→ Crawled caption data
☆ ☆ ☆ ☆ ☆

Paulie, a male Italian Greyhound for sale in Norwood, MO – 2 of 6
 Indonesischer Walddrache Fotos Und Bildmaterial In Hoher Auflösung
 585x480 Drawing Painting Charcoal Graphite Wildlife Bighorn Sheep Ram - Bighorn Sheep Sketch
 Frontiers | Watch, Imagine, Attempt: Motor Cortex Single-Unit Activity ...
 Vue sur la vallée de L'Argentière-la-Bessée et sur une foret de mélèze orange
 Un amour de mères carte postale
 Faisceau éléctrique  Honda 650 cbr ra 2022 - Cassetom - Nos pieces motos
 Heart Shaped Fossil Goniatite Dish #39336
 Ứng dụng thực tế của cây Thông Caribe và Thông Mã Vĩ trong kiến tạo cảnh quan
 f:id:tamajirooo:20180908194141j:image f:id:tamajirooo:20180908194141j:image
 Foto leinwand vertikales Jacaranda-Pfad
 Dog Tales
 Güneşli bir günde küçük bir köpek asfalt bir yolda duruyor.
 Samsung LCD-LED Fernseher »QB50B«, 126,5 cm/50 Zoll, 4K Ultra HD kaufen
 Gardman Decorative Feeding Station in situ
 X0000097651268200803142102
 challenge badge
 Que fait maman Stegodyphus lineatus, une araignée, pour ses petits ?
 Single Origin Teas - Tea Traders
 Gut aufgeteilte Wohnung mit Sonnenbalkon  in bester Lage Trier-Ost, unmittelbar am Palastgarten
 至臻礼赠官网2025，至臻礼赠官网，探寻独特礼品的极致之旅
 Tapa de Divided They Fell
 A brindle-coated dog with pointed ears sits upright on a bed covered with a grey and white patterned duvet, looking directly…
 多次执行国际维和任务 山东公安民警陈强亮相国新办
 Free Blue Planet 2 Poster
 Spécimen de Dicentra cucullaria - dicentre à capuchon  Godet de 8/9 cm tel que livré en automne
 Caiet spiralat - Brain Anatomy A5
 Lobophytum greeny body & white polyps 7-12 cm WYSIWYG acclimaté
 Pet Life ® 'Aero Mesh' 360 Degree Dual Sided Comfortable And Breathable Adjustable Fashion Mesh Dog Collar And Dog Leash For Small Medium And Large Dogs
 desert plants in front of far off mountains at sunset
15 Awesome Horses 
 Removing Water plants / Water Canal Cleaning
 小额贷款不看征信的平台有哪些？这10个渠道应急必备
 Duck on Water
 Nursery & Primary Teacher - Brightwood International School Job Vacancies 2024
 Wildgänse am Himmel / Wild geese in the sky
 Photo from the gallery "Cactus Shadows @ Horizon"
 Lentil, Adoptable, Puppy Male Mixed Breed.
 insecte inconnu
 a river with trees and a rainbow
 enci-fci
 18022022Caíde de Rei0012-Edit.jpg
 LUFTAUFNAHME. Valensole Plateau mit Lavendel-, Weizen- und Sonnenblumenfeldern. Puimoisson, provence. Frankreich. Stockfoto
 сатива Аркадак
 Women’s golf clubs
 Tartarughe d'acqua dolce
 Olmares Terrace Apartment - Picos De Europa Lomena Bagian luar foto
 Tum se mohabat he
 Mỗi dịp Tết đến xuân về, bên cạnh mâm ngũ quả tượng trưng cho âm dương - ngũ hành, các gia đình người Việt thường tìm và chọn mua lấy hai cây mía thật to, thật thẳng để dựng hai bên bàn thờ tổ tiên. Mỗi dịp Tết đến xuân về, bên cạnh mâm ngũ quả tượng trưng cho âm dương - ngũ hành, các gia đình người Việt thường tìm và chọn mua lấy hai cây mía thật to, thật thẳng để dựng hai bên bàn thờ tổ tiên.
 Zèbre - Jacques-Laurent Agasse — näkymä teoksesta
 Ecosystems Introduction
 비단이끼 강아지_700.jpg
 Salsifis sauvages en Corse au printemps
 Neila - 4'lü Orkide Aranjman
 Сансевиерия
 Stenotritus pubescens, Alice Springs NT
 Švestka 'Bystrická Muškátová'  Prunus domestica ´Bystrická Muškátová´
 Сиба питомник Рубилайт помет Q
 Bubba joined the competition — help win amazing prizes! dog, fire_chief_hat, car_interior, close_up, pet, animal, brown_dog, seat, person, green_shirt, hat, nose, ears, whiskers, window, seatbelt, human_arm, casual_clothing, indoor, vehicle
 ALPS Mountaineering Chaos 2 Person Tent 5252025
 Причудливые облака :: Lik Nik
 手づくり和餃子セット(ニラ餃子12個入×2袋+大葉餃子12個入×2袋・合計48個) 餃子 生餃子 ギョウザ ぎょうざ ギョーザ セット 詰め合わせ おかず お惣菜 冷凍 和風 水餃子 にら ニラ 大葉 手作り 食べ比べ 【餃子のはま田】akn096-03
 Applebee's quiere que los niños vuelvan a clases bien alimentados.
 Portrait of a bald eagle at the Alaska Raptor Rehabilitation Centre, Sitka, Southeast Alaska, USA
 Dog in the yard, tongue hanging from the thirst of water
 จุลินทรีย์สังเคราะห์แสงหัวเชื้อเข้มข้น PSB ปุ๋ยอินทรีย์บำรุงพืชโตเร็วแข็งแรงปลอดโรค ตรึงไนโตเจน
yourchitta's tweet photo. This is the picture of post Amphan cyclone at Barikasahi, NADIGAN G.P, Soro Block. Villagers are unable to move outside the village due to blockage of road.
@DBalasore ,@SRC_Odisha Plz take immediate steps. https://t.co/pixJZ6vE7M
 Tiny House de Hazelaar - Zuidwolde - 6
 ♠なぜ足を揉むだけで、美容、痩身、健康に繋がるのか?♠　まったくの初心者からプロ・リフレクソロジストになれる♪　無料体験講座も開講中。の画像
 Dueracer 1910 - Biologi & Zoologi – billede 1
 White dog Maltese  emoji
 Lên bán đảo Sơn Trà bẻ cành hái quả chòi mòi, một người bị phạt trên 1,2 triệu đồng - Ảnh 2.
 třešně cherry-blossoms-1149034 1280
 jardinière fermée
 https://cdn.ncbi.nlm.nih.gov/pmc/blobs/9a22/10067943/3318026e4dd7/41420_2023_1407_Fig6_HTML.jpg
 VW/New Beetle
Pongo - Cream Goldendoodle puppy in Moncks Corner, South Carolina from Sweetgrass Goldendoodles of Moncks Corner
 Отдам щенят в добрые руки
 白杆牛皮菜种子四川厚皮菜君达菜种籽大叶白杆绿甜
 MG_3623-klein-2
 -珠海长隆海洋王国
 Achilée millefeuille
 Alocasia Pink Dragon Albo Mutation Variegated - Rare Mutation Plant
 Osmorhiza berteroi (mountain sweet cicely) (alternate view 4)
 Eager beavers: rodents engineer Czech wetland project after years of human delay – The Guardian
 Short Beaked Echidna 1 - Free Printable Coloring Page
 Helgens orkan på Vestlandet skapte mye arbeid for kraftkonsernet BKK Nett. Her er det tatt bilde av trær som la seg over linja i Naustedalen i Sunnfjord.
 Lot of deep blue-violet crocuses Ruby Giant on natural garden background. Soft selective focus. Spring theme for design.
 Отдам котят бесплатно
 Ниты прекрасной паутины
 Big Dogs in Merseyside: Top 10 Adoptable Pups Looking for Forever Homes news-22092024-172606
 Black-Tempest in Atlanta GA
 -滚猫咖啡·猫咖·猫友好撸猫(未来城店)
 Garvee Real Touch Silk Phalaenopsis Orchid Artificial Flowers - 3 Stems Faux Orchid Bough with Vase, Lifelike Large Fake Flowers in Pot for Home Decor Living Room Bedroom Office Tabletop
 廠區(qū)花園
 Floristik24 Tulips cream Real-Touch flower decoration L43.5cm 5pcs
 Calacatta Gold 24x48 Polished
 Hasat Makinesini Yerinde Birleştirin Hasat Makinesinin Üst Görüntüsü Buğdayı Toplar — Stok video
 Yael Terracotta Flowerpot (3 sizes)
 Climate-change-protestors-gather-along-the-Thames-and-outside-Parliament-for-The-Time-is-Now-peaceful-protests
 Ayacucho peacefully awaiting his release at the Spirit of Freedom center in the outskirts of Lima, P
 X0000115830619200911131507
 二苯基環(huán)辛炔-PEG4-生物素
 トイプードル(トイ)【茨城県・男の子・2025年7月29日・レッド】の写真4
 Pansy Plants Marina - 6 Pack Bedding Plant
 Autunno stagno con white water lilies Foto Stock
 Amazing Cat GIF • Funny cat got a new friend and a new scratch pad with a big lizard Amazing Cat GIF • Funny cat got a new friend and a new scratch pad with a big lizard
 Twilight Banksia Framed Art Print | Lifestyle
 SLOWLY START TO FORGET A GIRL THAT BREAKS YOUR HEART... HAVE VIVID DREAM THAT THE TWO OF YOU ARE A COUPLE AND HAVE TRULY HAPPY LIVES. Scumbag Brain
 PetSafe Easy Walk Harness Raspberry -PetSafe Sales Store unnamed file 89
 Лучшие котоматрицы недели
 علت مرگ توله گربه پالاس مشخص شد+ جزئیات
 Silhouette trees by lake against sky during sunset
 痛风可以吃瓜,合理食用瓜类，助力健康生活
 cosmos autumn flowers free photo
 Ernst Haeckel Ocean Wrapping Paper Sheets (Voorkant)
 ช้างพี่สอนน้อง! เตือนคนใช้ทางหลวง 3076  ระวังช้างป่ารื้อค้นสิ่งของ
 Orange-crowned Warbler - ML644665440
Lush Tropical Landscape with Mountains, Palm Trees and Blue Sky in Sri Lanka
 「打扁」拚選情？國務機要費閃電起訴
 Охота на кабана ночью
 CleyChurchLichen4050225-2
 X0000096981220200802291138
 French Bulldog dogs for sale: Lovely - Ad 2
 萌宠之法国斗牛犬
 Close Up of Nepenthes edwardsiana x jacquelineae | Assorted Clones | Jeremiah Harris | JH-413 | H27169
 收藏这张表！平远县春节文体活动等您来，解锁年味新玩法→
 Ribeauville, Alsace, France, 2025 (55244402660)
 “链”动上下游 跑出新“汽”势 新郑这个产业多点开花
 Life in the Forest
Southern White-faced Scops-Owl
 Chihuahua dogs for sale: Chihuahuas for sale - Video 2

☆ ☆ ☆ ☆ ☆

→ DIRECTIONS FOR THIS TASK
In the records above, find the line with "비단이끼 강아지_700.jpg"; write out exactly that line and each one after it, stopping after the line with "Bubba joined the".

→ RESULT BELOW
 비단이끼 강아지_700.jpg
 Salsifis sauvages en Corse au printemps
 Neila - 4'lü Orkide Aranjman
 Сансевиерия
 Stenotritus pubescens, Alice Springs NT
 Švestka 'Bystrická Muškátová'  Prunus domestica ´Bystrická Muškátová´
 Сиба питомник Рубилайт помет Q
 Bubba joined the competition — help win amazing prizes! dog, fire_chief_hat, car_interior, close_up, pet, animal, brown_dog, seat, person, green_shirt, hat, nose, ears, whiskers, window, seatbelt, human_arm, casual_clothing, indoor, vehicle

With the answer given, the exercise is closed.